Friday, December 10, 2004

Into the fire

So, I gave this XP presentation to the whole of the company yesterday. And I only found out that I had to do it 48 hours in advance. (There is a story here about miscommunication, but I couldn't be bothered...).

Firstly, the XP meme is well and truly established here as a good way to do things. The important step is to start doing it. Hopefully, well get an immersion workshop run on site here within the next month...

But back to what I thought I wanted to express. I mulled over what to present for some time and had some serious writers block while trying to pull my ideas together. In the end, the night before, I just jotted down a bunch of notes in some coherent order and threw them together for some slides. And in the process, I feel I've made some hasty dodgy points.

The talk was focused at the company to give them a feel for how our interactions with the customer would be different with XP. So I broke the talk into two parts: the first being a philosophical view of XP and the last being a practical view of XP. Practical was simple - User Stories and Iterations mainly. This gave a good platform for the discuss of scope and how to sell to new customers. But the first, I could probably done better or without.
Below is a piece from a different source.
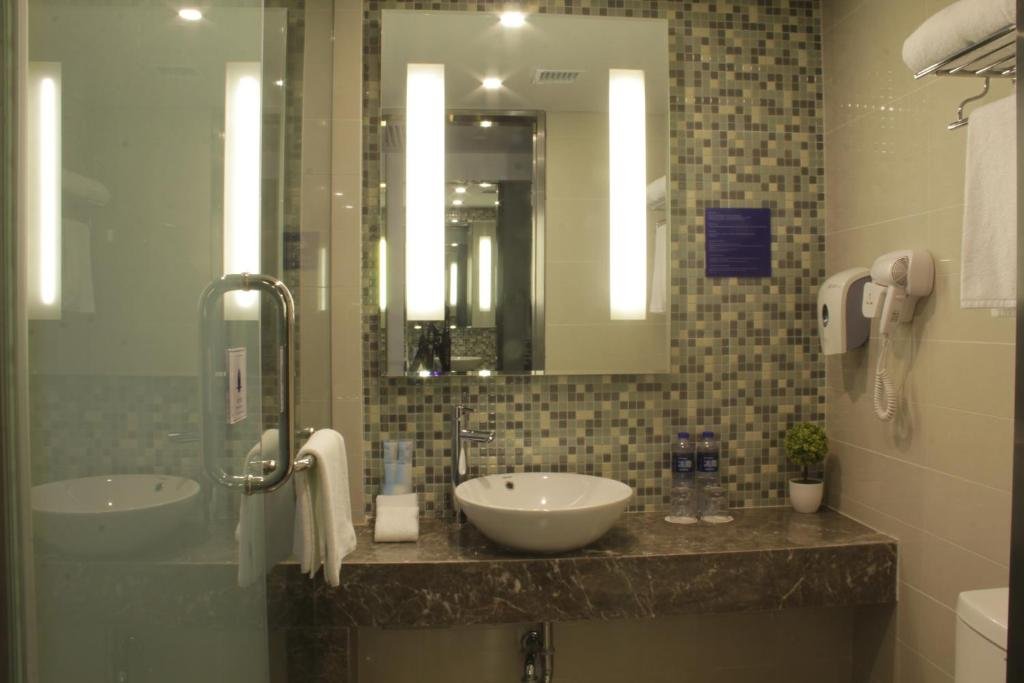 Фото Holiday Inn Express Shanghai New Jinqiao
The main point that bugs me from the talk was that I started talking about Scope, Time and Quality in regards to delivery value to the Customer. We have followed a waterfall-ish method in the past. Big fat documents that are written in advance of the actual work being done. To me, this says of the 3 constraints for delivery, we saw Scope as the most important. After that, we agreed with the Customer to a timeframe for the delivery of the Scope and therefore Time was the next important constraint. Quality is left as an exercise for the programmer. Nothing new there, you probably have seen this equation before.
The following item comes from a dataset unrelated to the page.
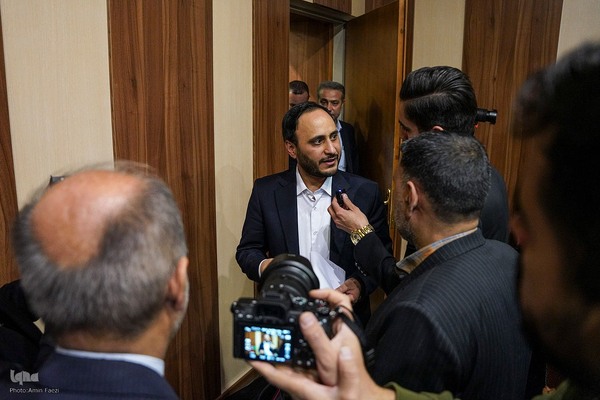 سفر سخنگوی دولت به استان فارس‎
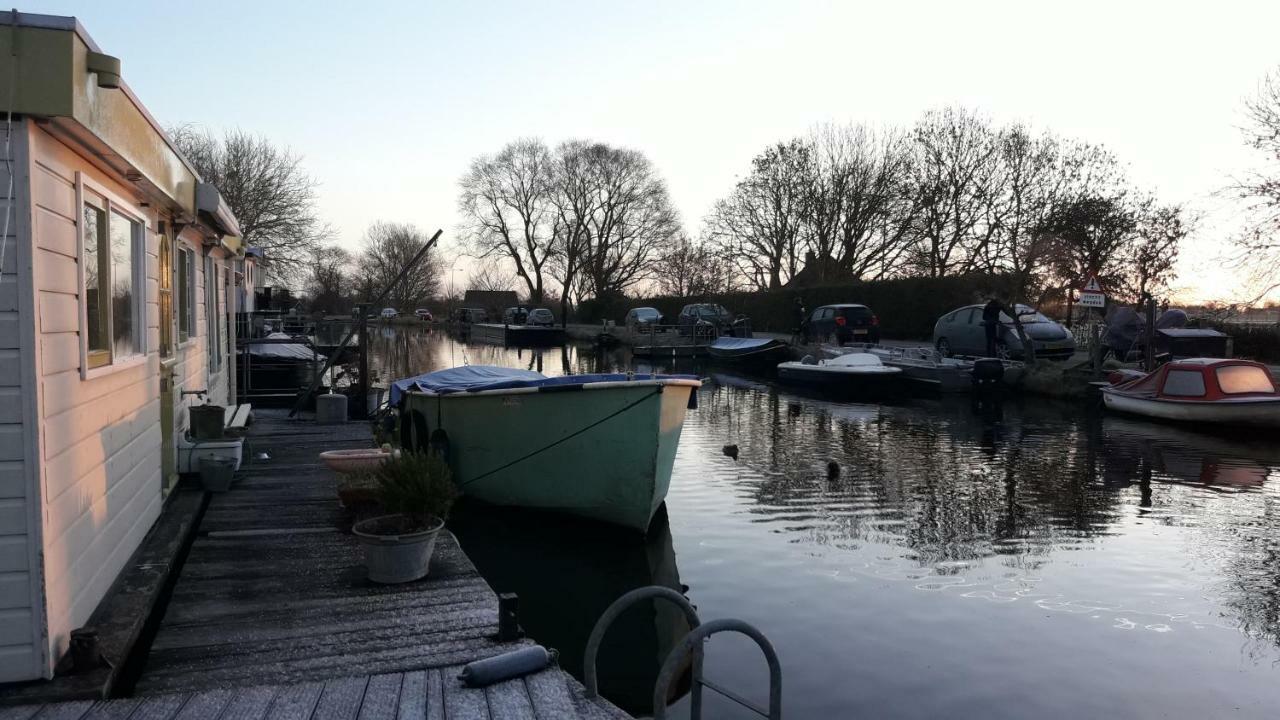 بروك إن ووترلاند Out Of Amsterdam, River Apartment Close To City المظهر الخارجي الصورة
Then I said that XP elevates Quality from the least important constraint to the most important constraint. I didn't comment much about Time and Scope, but my feeling is that we then had these to the Customer. Quality is now defined as exactly what the customer has asked for within an iteration in the simplest code and design.

I feel that I'm right here, but I don't think I really needed to present that to the audience. I'll have to sleep on that one a bit longer I think.